• _What to produce_
All lines in the records below from the line with "Now you're ready." through the line with "So we've learned" are to be given again exactly, both ends included; the pictures are to be left out.

• _The input_
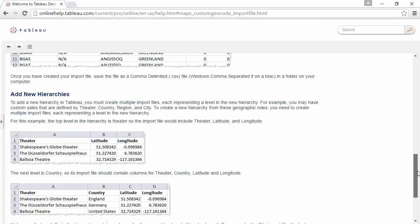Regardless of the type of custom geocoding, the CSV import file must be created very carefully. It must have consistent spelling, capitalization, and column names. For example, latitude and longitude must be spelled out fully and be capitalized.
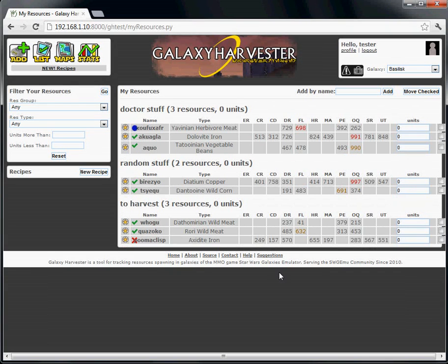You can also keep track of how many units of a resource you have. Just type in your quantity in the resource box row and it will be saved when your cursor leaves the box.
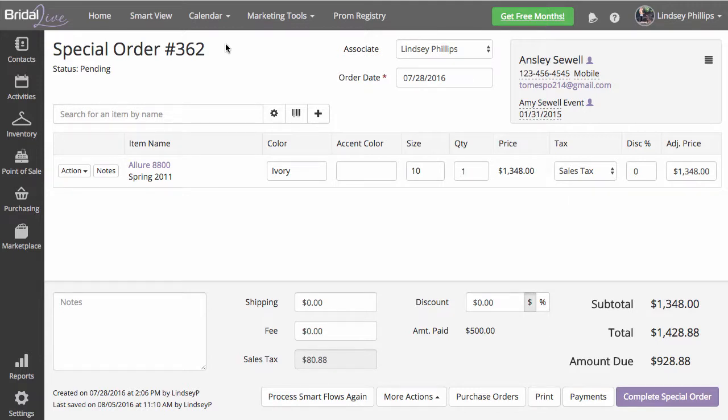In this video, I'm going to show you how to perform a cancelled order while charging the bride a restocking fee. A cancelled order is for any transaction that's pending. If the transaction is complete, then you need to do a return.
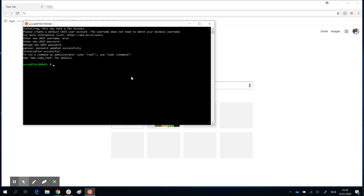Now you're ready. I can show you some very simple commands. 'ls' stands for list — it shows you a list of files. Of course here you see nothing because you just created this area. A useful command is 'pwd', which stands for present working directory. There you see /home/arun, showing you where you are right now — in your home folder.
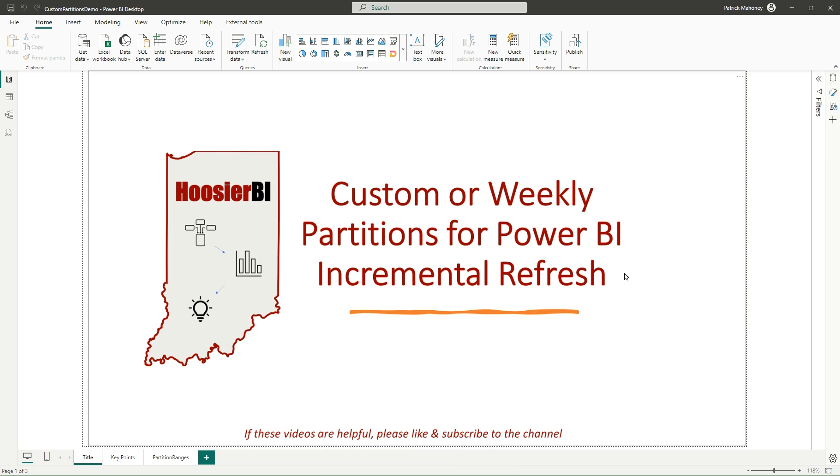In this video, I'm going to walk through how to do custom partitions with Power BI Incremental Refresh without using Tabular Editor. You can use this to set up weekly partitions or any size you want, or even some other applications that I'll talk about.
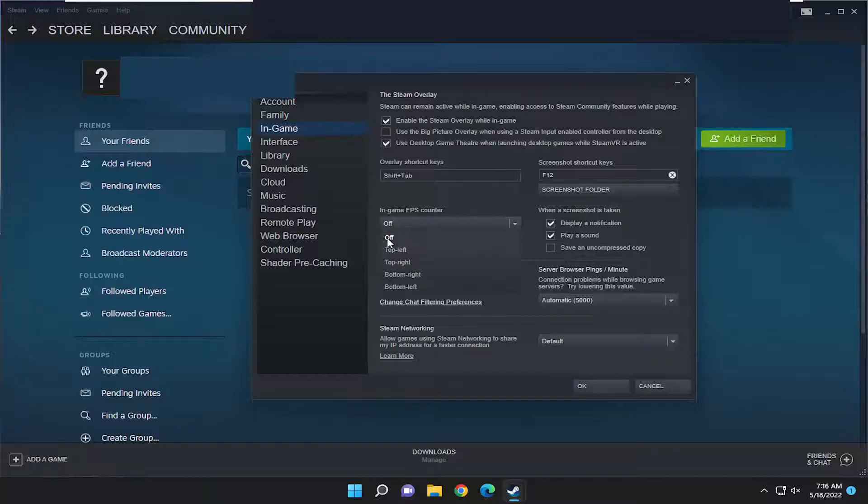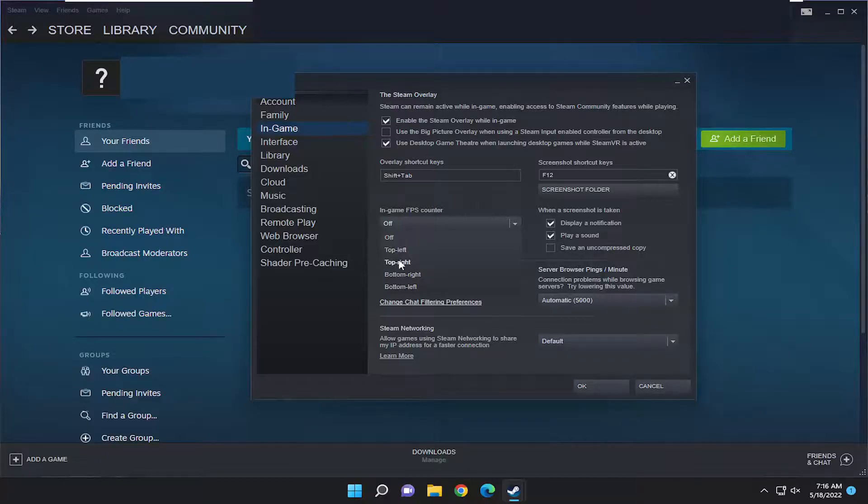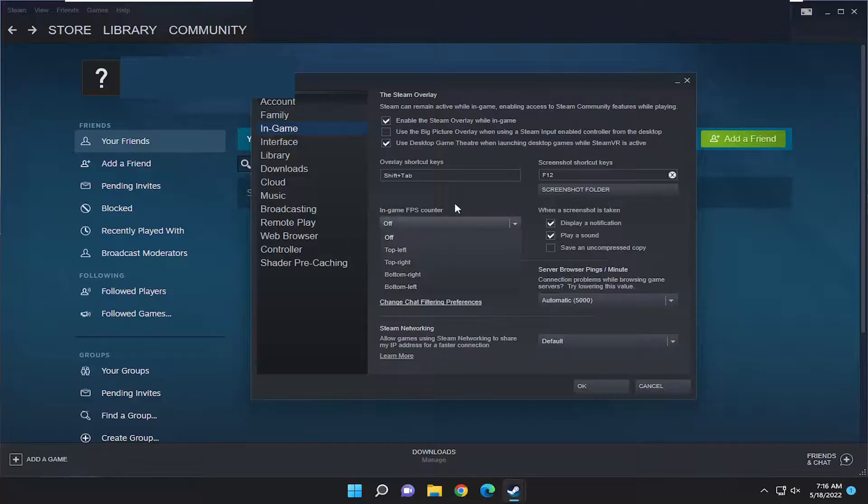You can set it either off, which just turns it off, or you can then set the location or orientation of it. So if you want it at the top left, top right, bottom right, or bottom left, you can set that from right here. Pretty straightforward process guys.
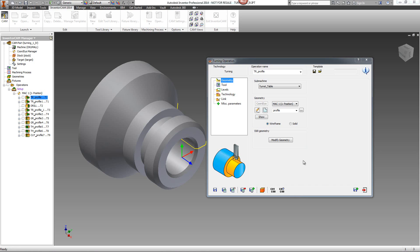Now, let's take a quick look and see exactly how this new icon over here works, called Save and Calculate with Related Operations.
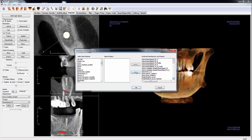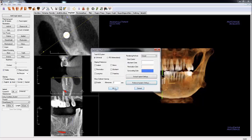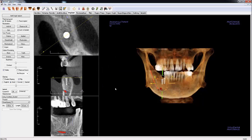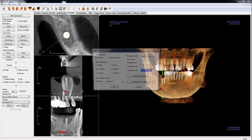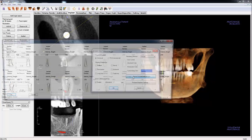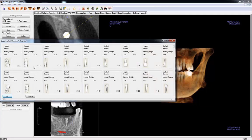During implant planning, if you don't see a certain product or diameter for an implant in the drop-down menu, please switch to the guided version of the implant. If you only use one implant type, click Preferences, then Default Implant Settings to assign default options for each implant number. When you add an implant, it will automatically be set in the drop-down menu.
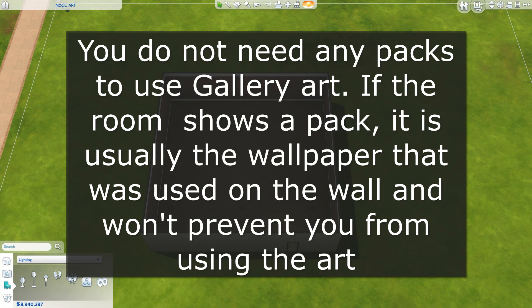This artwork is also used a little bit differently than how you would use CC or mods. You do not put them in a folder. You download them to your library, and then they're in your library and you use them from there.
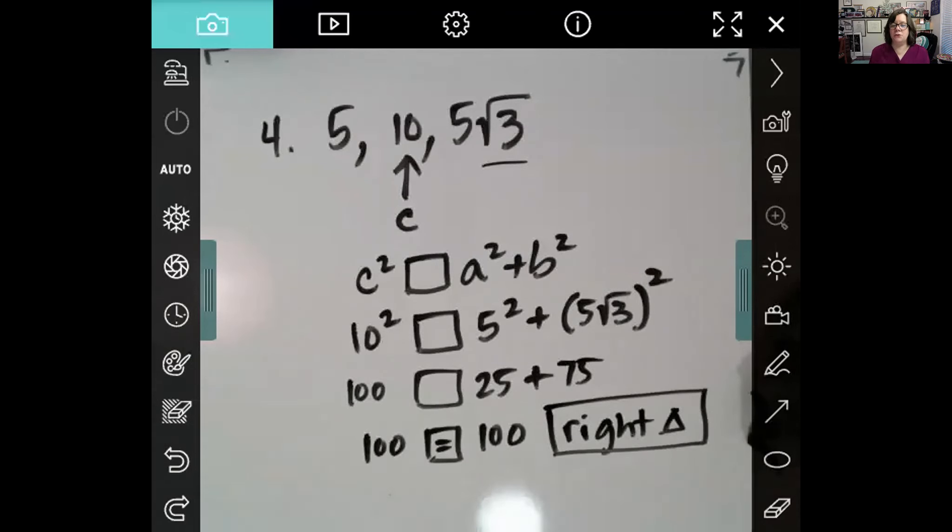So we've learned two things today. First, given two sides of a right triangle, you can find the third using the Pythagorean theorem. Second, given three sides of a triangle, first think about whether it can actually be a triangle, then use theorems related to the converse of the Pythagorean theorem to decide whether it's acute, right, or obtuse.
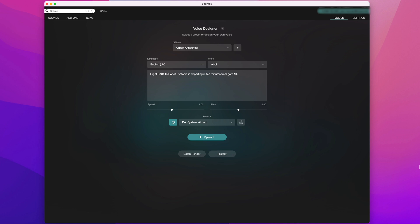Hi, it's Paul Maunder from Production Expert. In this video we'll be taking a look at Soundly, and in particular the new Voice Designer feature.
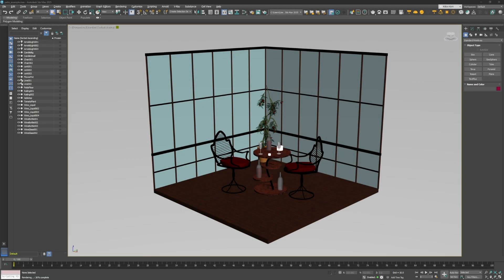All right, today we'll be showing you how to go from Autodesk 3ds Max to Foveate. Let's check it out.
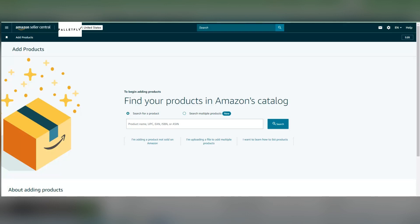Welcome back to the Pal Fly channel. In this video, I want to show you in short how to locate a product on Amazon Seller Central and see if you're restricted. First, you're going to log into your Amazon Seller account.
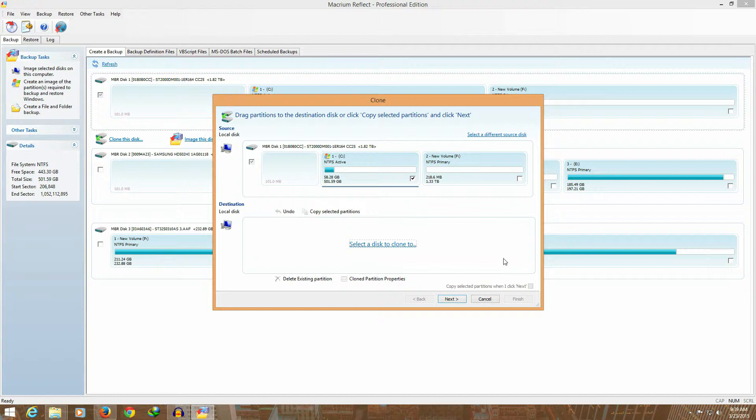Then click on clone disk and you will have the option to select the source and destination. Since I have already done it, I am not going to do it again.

• _Answer below_
Now you're ready. I can show you some very simple commands. 'ls' stands for list — it shows you a list of files. Of course here you see nothing because you just created this area. A useful command is 'pwd', which stands for present working directory. There you see /home/arun, showing you where you are right now — in your home folder.
In this video, I'm going to walk through how to do custom partitions with Power BI Incremental Refresh without using Tabular Editor. You can use this to set up weekly partitions or any size you want, or even some other applications that I'll talk about.
You can set it either off, which just turns it off, or you can then set the location or orientation of it. So if you want it at the top left, top right, bottom right, or bottom left, you can set that from right here. Pretty straightforward process guys.
Now, let's take a quick look and see exactly how this new icon over here works, called Save and Calculate with Related Operations.
During implant planning, if you don't see a certain product or diameter for an implant in the drop-down menu, please switch to the guided version of the implant. If you only use one implant type, click Preferences, then Default Implant Settings to assign default options for each implant number. When you add an implant, it will automatically be set in the drop-down menu.
This artwork is also used a little bit differently than how you would use CC or mods. You do not put them in a folder. You download them to your library, and then they're in your library and you use them from there.
So we've learned two things today. First, given two sides of a right triangle, you can find the third using the Pythagorean theorem. Second, given three sides of a triangle, first think about whether it can actually be a triangle, then use theorems related to the converse of the Pythagorean theorem to decide whether it's acute, right, or obtuse.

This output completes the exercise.